Scialla lavorerà su due canti di Odissea pensati appositamente per la natura del gruppo: i lotofagi e l’ade ovvero le dipendenze e la morte.
Lo spettacolo sarà frutto di un lavoro di composizione drammaturgica condivisa e di scrittura scenica corale. I ragazzi sono chiamati non solo ad un’esperienza esclusivamente attorale ma ad un lavoro autorale, di
produzione e selezione dei materiali inerenti ai temi legati all’Odissea, da condividere con il gruppo in sede laboratoriale e di prova.
Si lavorerà esplorando le diverse sfaccettature, non escludendo gli aspetti ironico-grotteschi che temi così forti e universali possono nascondere.
I ragazzi hanno già iniziato a portare proposte che spaziano dalla scrittura originale alla composizione fisica a canzoni, immagini e improvvisazioni, i linguaggi poi utilizzati nello spettacolo.
Alcuni studenti dell’Accademia di Brera (coinvolta nel progetto Odissea) parteciperanno a tutti gli incontri di laboratorio per definire un progetto di scenografia.
La regia avrà cura di migliorare, sviluppare e comporre le varie proposte portate dai ragazzi durante l’intero anno laboratoriale avendo come obiettivo del percorso un’autonomia artistica del singolo e del gruppo, una regia messa a servizio del lavoro che nasce durante gli incontri.

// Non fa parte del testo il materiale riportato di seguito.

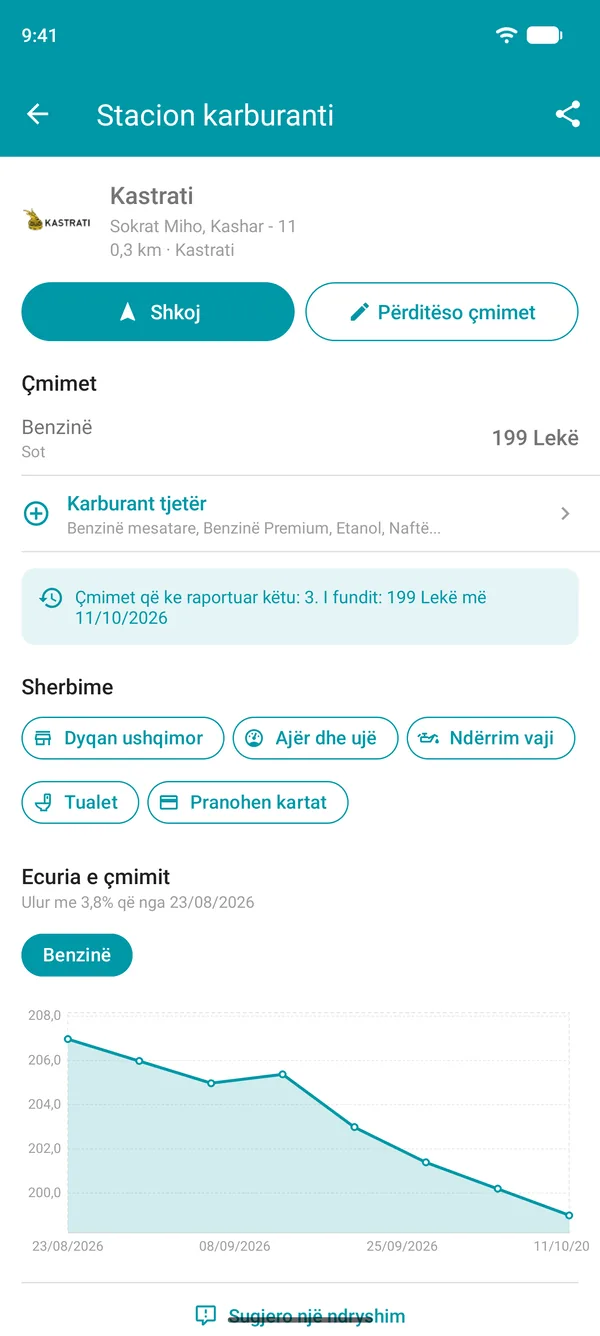 Detajet e stacionit të karburantit në Drivvo, me çmimet e karburantit, shërbimet dhe grafikun e historikut të çmimeve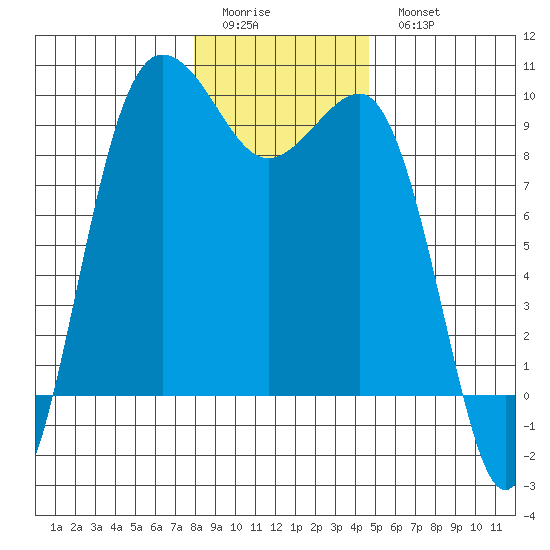 Foulweather Bluff tide chart for Friday, January 12, 2024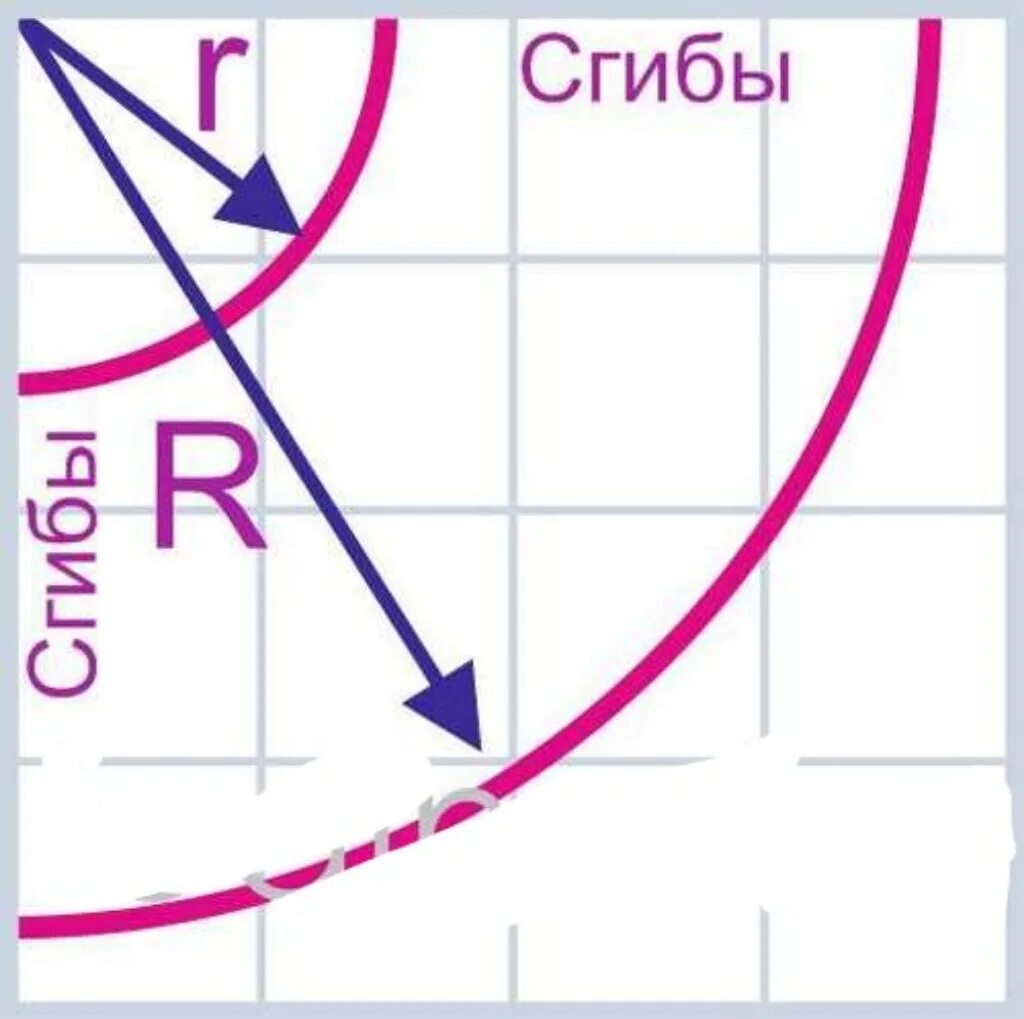 Выкройка юбка для девочки 10. Юбка солнце кроить. выкройка юбки солнце для девочки. выкройка юбки солнце для девочки 10 лет. выкройка юбка солнце на резинке для девочки.
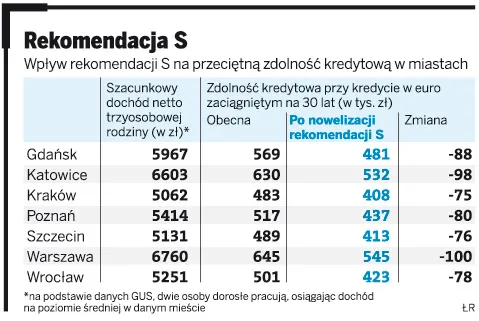Rekomendacja S: za rok będziemy kupować mniejsze mieszkania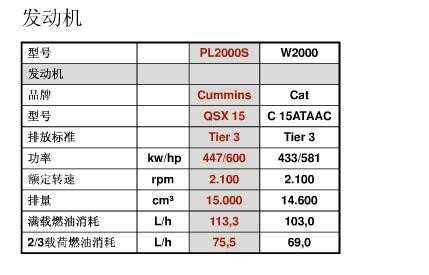 发动机配置参数-图2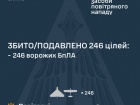 Вночі збито/подавлено 246 з 262 ворожих БпЛА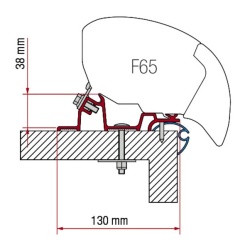 Adaptor Kit pentru rulotă standard – pentru F65L, F80L și F80S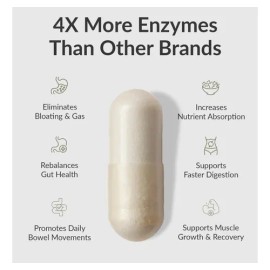 Masszymes Bioptimizers - Enzimas Digestivas Para Proteínas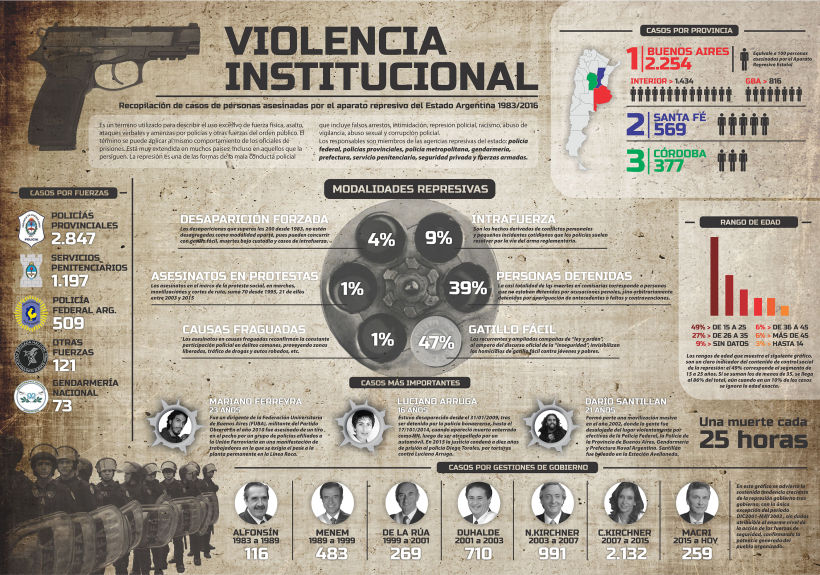 Violencia Institucional 3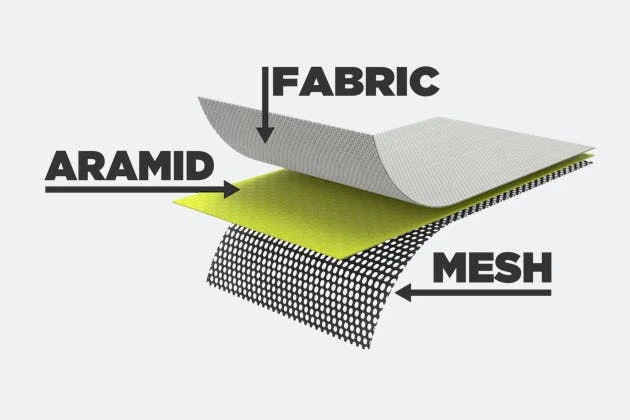 Felpa Con Cappuccio XLMOTO Rinforzata In Aramide Nero-Giallo 14 Felpa Con Cappuccio XLMOTO Rinforzata In Aramide Nero-Giallo - immagine 14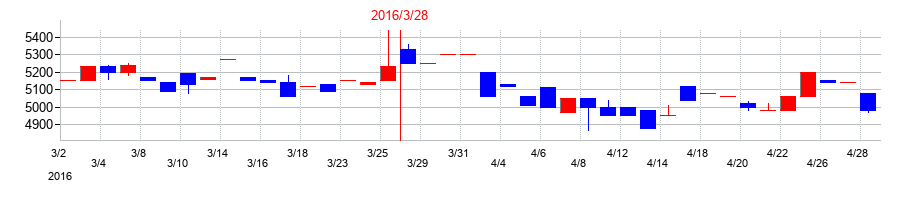 2016年の瀧上工業の配当落ち日前後の株価チャート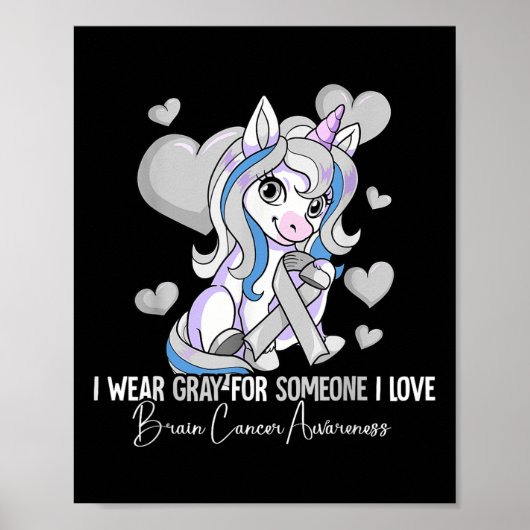 脳がん認識度 ポスター (正面)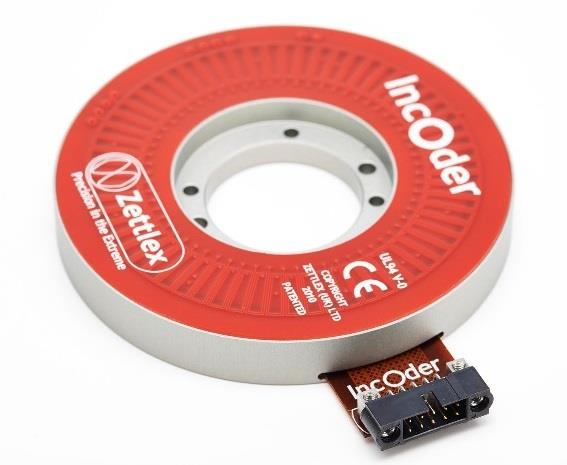 Zettlexߵ¸Ӧʽ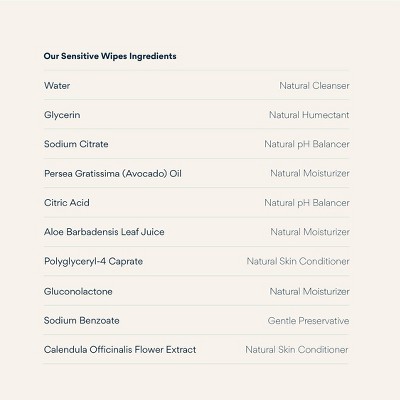 Imagen de producto 4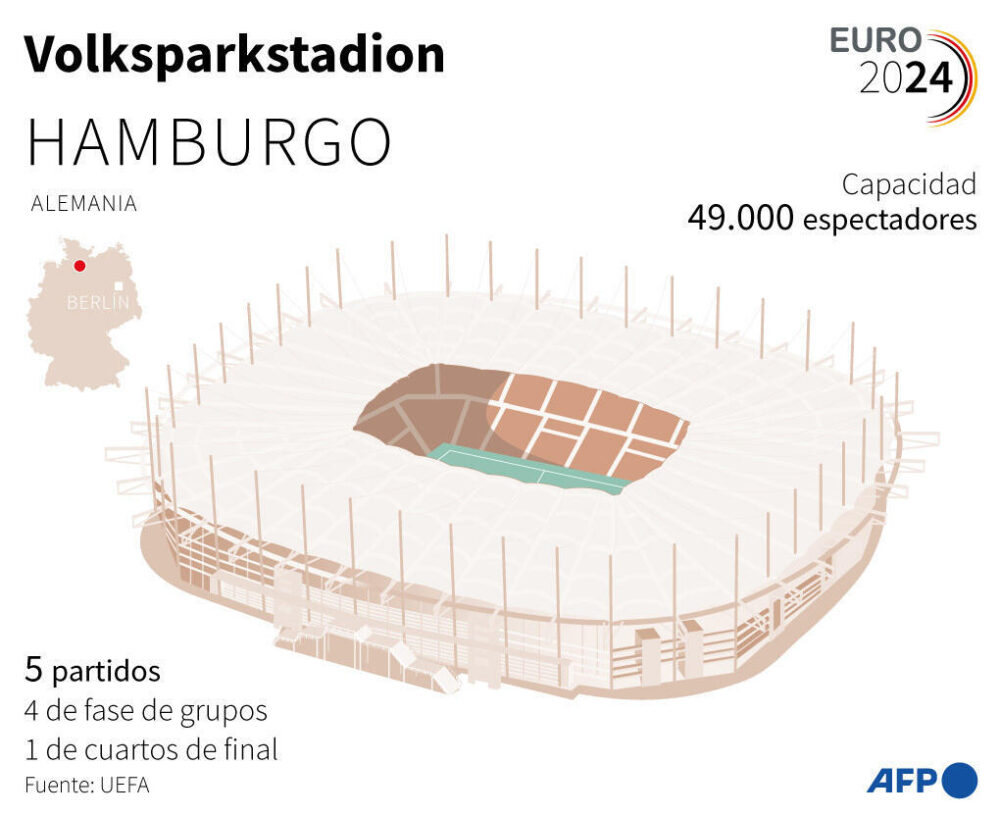 El Volksparkstadion de Hamburgo, que acoge cinco partidos de la Eurocopa 2024 de fútbol en Alemania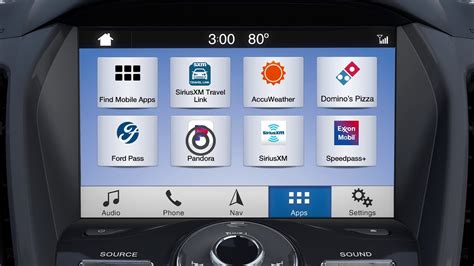 sync update instructions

domenica 17 ottobre ore 16.00
– Proviamo a riempire il vuoto? –
STUDIO SU ()PERA DIDASCALICA
Con Raimonda Maraviglia, Alessandro Paschitto, Francesco Roccasecca
Luci: che luci?
Musiche: quali musiche?
Scene: a pro di che?
Costumi : senza
Regia Alessandro Paschitto
Vincitore del Premio Leo De Berardinis 2021
Vincitore del bando nazionale Call from the aisle 2020
Produzione Teatro di Napoli – Teatro Nazionale con il sostegno di C.U.R.A. Centro Umbro di Residenze Artistiche, Micro Teatro Terra Marique, Corsia Of – Centro di Creazione Contemporanea
Si ringrazia Mario Autore, Giulia Sangiorgio, Eliana Rotella, Chiara Cucca, l’Asilo – Ex Asilo Filangieri
Vincitore della Menzione Speciale della Giuria Allievi Scuole di Teatro di Milano 2020
Cosa resta se facciamo a meno di trame e personaggi? Se il dialogo viene abbandonato perché fonte di ulteriore incomprensione? Se non c’è più nemmeno la necessità di agire? Lo spazio è vuoto, disallestito, nudo. Le luci di sala sono accese. Le casse spente, non c’è audio riprodotto. Anche chi va in scena: ci va con i suoi abiti del giorno. L’incapacità di rappresentare si fa immagine paradossale di un’altra incapacità: quella di vivere. L’azione è sempre interrotta sulla soglia, sfiorata, presagita, messa in discussione e, là dove portata a termine, poi riconosciuta nella sua insensatezza costitutiva. Un saltello che è un saltello e basta: inutile. Uno spostarsi da un punto a un altro: andirivieni vago. E un dito che nulla indica: perché? Perché portare in scena un lavoro simile? Può, nella sua sguarnita caducità, riuscire a essere qualcosa anziché niente? Perché non fare il taglio a monte, rinunciando? Perché farlo? Di tentativo in tentativo, fallimento in fallimento, qualcosa sembra rimanere. Un’eco, un sedimento che si cumula, un’impressione sempre più presente nel vuoto dello spazio. I tentativi scavano come dei solchi, divaricano parentesi ancora non riempite. Se qualcosa appare in scena, lo fa solo in quanto proiettato da un di dentro di chi osserva. Il luogo della rappresentazione si sposta dalla scena vuota al retro dei suoi occhi. Come quando si aspetta un ceffone e non arriva. Dov’è finito? Dentro di noi.